### Brief descriptive captions:
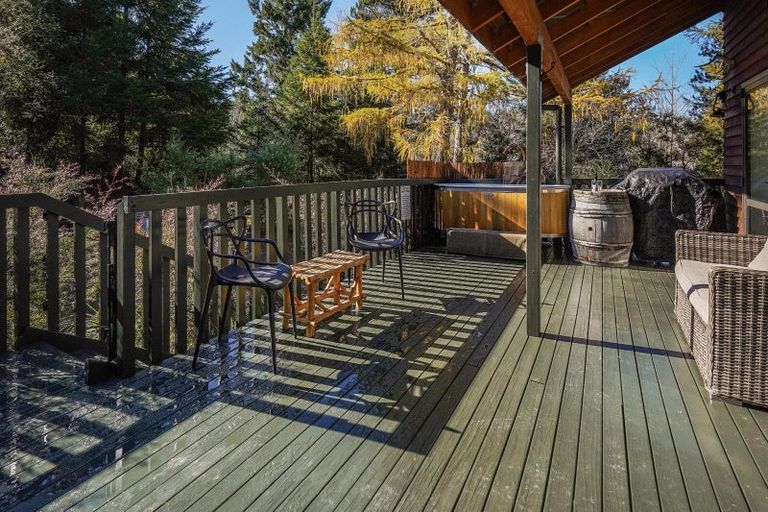 Photo of property in 87 Chalet Crescent, Hanmer Springs, 7334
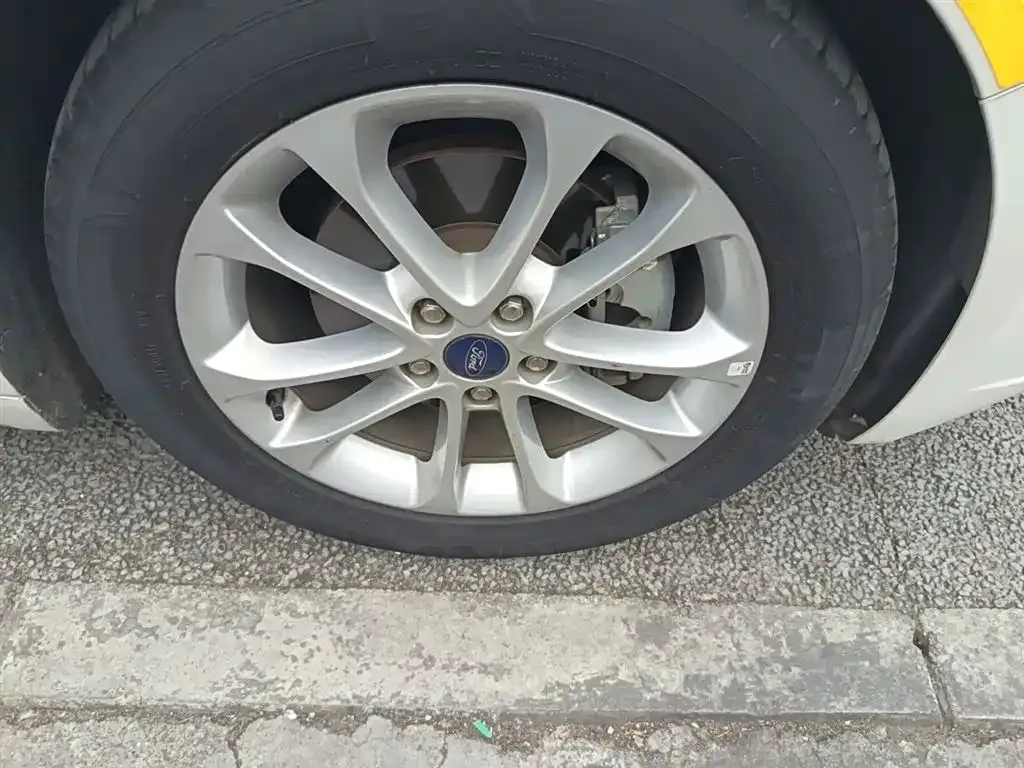Ford Mondeo 2021 из CN, фото 8
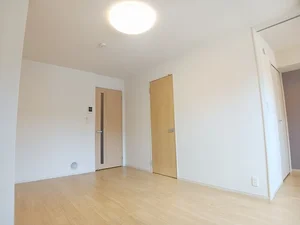 のマンスリーマンション・ウィークリーマンション「カサ・ヴィアーレⅡ 102・洋室(No.1174722)」メイン画像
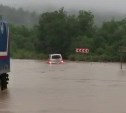 На затопленной сахалинской трассе "захлебнулись" легковушка и автомобиль Почты России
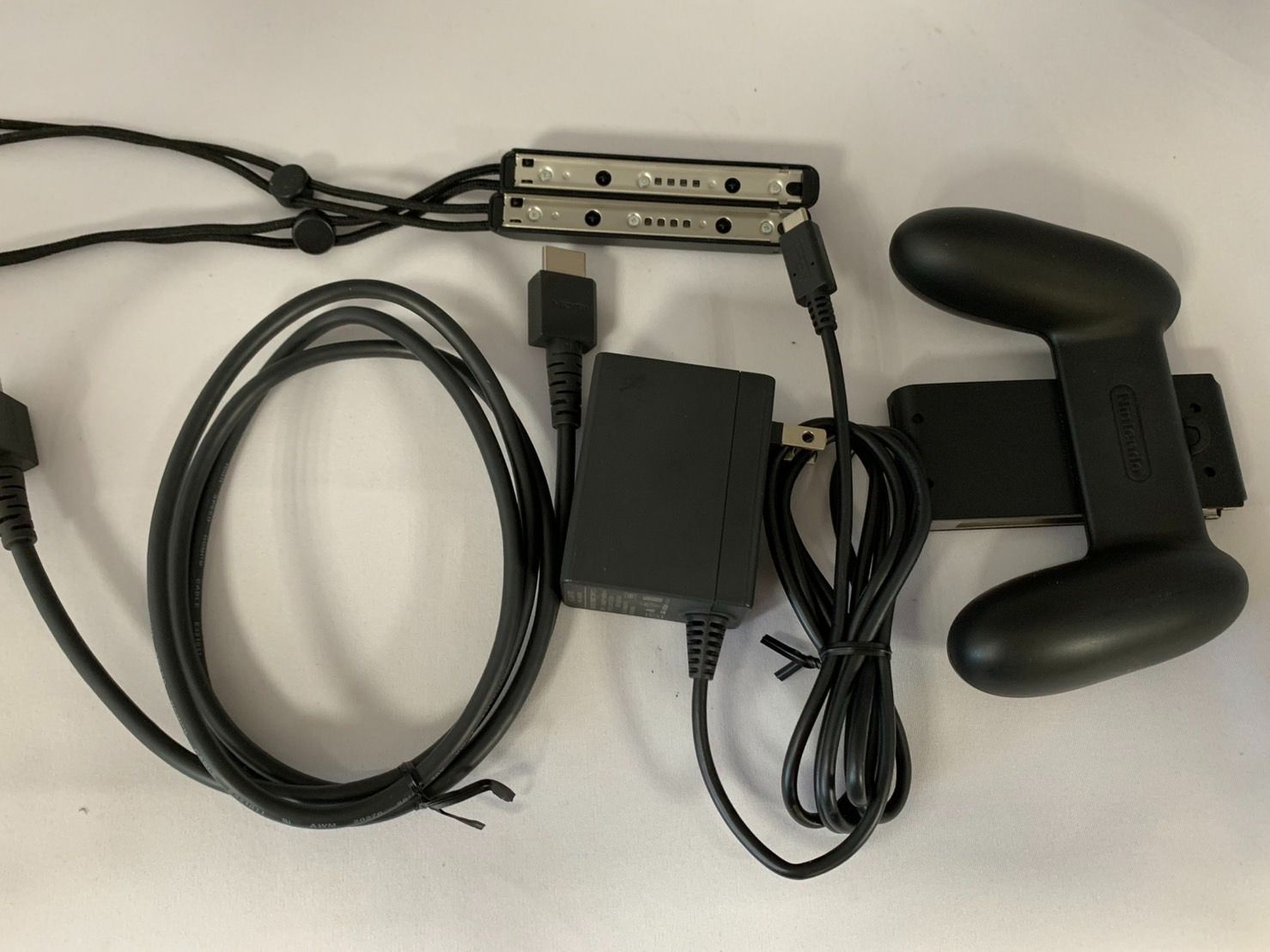 nintendoswitch 本体＆Joy-Con ジャンク Nintendo Switch 青/赤 Joy-Con付き 完全ジャンク Nintendo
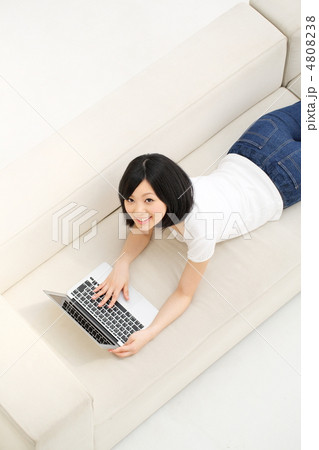 パソコンを使う女の子 パソコンを使う女の子 4808238
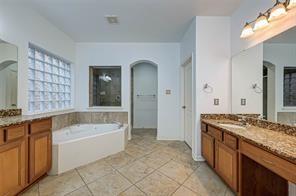 Building Photo - 26619 Richwood Oaks Dr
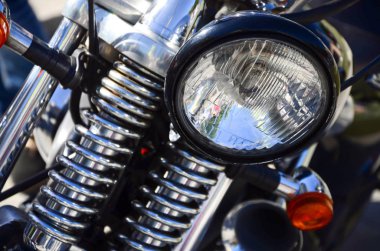 Eski klasik motosiklet ve krom parlak lamba parçası kadar kapatın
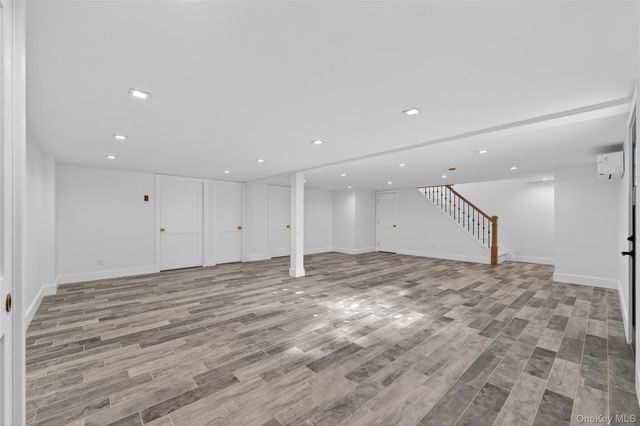 286 Dorchester Road, Garden City South, NY 11530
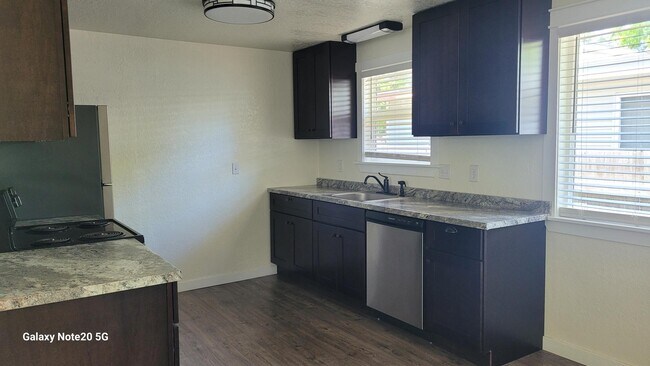 Foto del edificio - 1217 S Juniper St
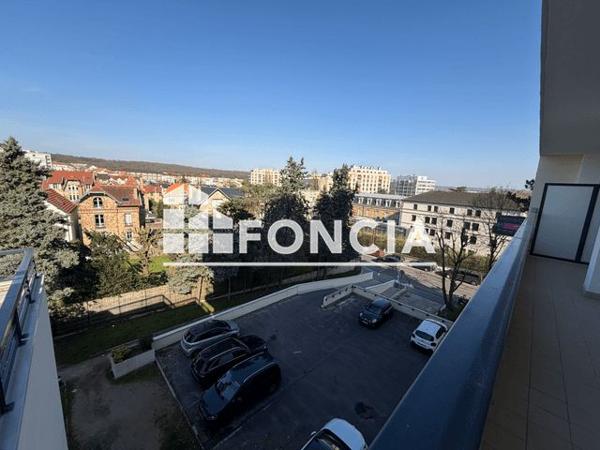 Location Appartement 3 pièces 74.04 m² - 53 BIS RUE CHAMP LAGARDE Versailles 78000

### Exercise directions:
Give again, word for word, the lines above from the one with "Building Photo - 26619 Richwood Oaks Dr" through the final line of the data, both ends included. Do not copy any picture.

### Task answer:
 Building Photo - 26619 Richwood Oaks Dr
 Eski klasik motosiklet ve krom parlak lamba parçası kadar kapatın
 286 Dorchester Road, Garden City South, NY 11530
 Foto del edificio - 1217 S Juniper St
 Location Appartement 3 pièces 74.04 m² - 53 BIS RUE CHAMP LAGARDE Versailles 78000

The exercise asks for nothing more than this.